What is needed
Keeping pictures out of the copy, restate each record word for word.

Exercise inputs
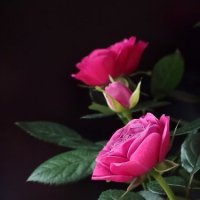 roses :: ~ Backstage ~ N.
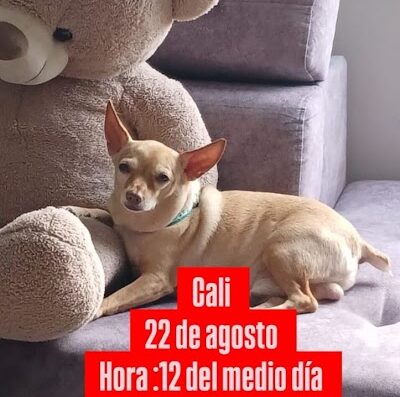 Coco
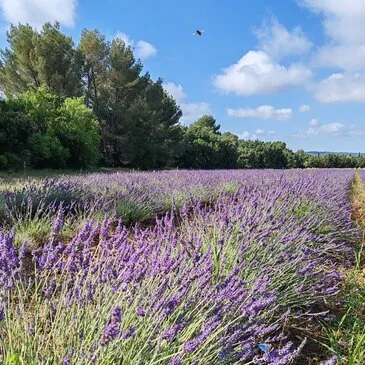 Weekend et Hébergement Insolite proche Aix-en-Provence Weekend et Hébergement Insolite proche Aix-en-Provence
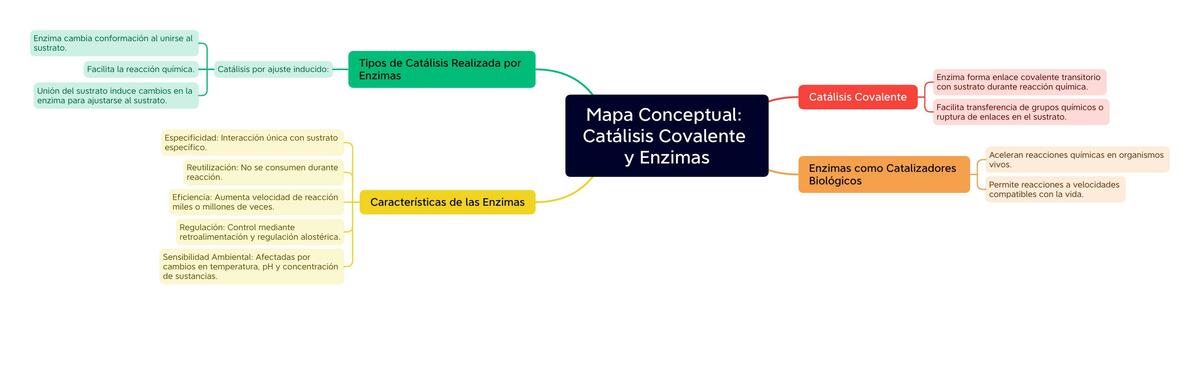 Mapa Conceptual Catálisis Covalente y Enzimas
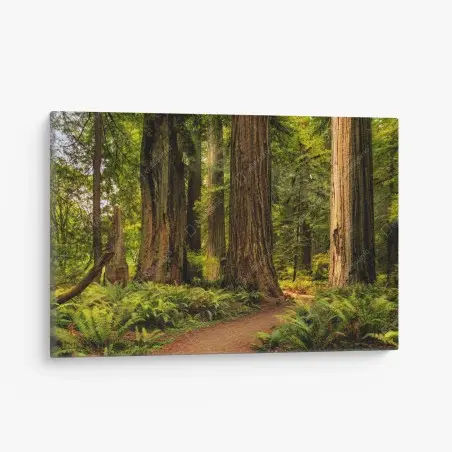 Quadro su tela silenzio tra le sequoie della California • Wallissimo®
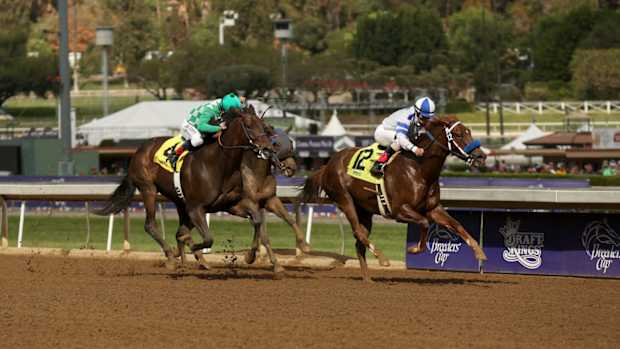 santa-anita-racetrack-horse-deaths.jpg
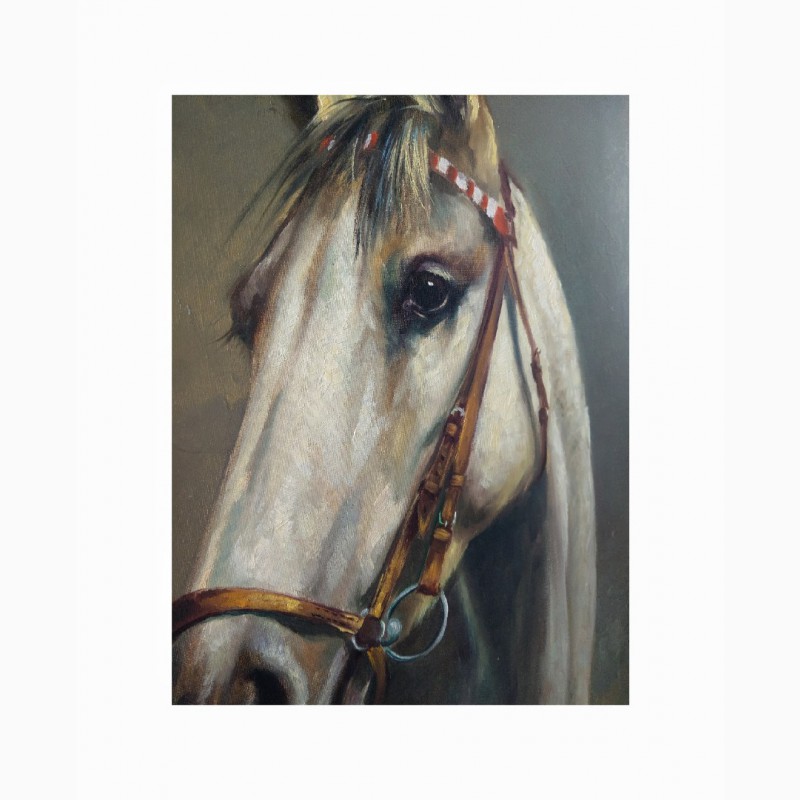 Фото 4. Продается Картина Портрет коня с уздечкой. Michael Borbely 1963 год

Expected output
 roses :: ~ Backstage ~ N.
 Coco
 Weekend et Hébergement Insolite proche Aix-en-Provence Weekend et Hébergement Insolite proche Aix-en-Provence
 Mapa Conceptual Catálisis Covalente y Enzimas
 Quadro su tela silenzio tra le sequoie della California • Wallissimo®
 santa-anita-racetrack-horse-deaths.jpg
 Фото 4. Продается Картина Портрет коня с уздечкой. Michael Borbely 1963 год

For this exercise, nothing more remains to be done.